The dominant aircraft in the widebody freighter segment is the Boeing 767-300, with 315 aircraft in service and another 26 conversions slated for the next 12 months. IAB estimates the average conversion price of a 767-300 at $14.7 million, while the purchase price is $220.3 million.
Many airlines were forced to park sizable portions of their fleets during the COVID-19 crisis and plans to retire older models have been accelerated. This could make the idea of P2F conversions appealing for major cargo carriers like FedEx and DHL, but as IBA president Phil Seymour pointed out, the market dynamics are complicated.
“The clear and strong growth in [freighter aircraft] demand is not driving up values and lease rates as it normally would,” Seymour said. “While the global freighter fleet is growing as is the number of conversions, there has been a corresponding increase in aircraft available for conversion driven by the accelerated retirement of passenger aircraft fleets. This has meant that freighter values and lease rates have actually seen a modest drop.”
With freight rates currently at a record high and a glut of parked commercial aircraft, major cargo carriers could view this as an opportune time to update their ageing fleets. According to Aerotime Hub, the average fleet age for FedEx Express, UPS Airlines and DHL Aviation are all at or around 20 years, with some DHL branches using aircraft that are more than 36 years old.

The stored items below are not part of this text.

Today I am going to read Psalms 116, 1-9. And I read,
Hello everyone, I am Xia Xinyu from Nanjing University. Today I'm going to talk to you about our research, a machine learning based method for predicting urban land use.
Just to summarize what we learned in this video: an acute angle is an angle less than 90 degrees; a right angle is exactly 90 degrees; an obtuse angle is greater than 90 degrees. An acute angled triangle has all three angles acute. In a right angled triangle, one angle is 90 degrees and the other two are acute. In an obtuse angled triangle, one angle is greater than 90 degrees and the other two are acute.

Aircraft that have been parked because of the crisis are the most likely candidates for P2F conversions, particularly models that may be approaching a natural retirement age from passenger operations but may still be younger than the cargo carriers’ current fleets.
But Boeing’s director of freighter conversions, Jens Steinhagen, told Flight Global that it’s not just the older models that are getting converted. Prior to COVID, most passenger aircraft converted into freighters had been in service for 12 to 20 years old but Steinhagen said the company is now seeing some of its 737 models undergo P2F conversions before they’re even ten years old.

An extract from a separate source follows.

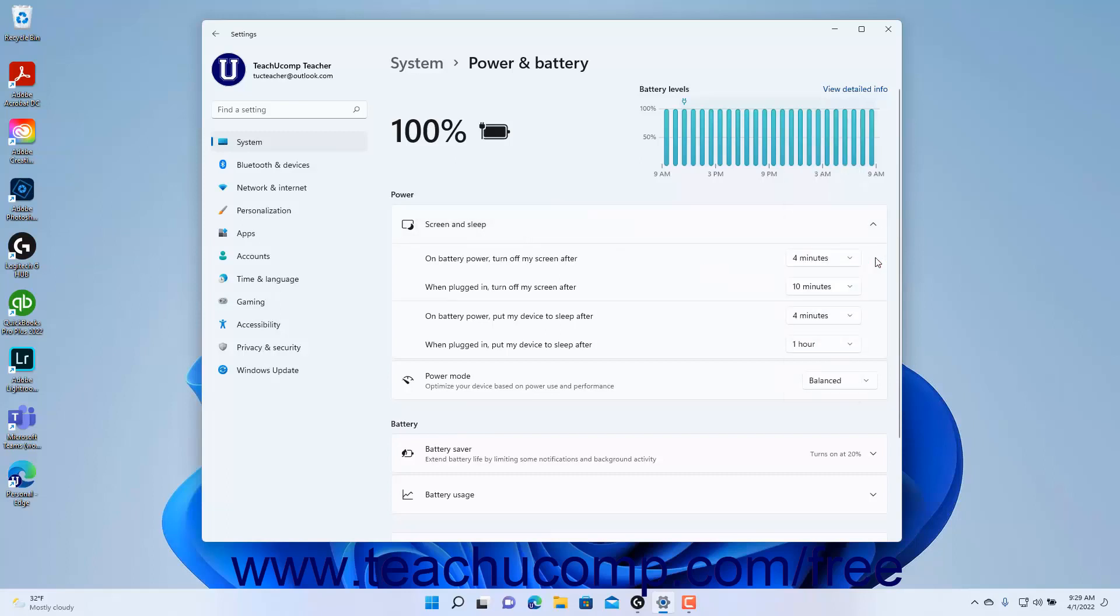Devices with battery power need to select durations for turning off the screen and putting the device to sleep both when plugged in and when using battery power.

Steinhagen said the pandemic has created a “perfect storm” for passenger-to-cargo conversions.
“During 2020, the passenger fleet was largely parked and the industry realised this was going to be a long-term thing. This improved the availability of feedstock and helped to bring down the price of the asset,” he told Flight Global.
The P2F market is expected to remain strong in the short term but most industry experts think it will naturally level off at some point. The risk for operators who invest in P2F conversions is that if passenger traffic quickly bounces back to pre-crisis levels, the return of belly-hold capacity could be enough to accommodate much of the air cargo demand, which analysts predict will remain stifled as a result of the recession.

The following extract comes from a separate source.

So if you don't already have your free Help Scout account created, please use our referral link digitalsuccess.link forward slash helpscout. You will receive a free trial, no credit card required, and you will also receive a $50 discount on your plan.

One thing the industry can almost certainly count on is that cargo flights will represent a larger slice of aviation’s overall revenue in 2021 than it did pre-pandemic. Cargo accounted for just 12 percent of industry revenues in 2019 but IATA expects that to reach 30 percent in 2021, as cargo revenues are forecast to reach a historic high of $139.8 billion.
In the long-term, global air cargo traffic is forecast to grow by four percent a year over the next two decades. In Boeing’s World Air Cargo Report from last October, the airframe manufacturer predicted that the world’s dedicated freighter fleet will grow by more than 60 percent over that time, and that nearly two-thirds of the deliveries will be conversions from passenger aircraft.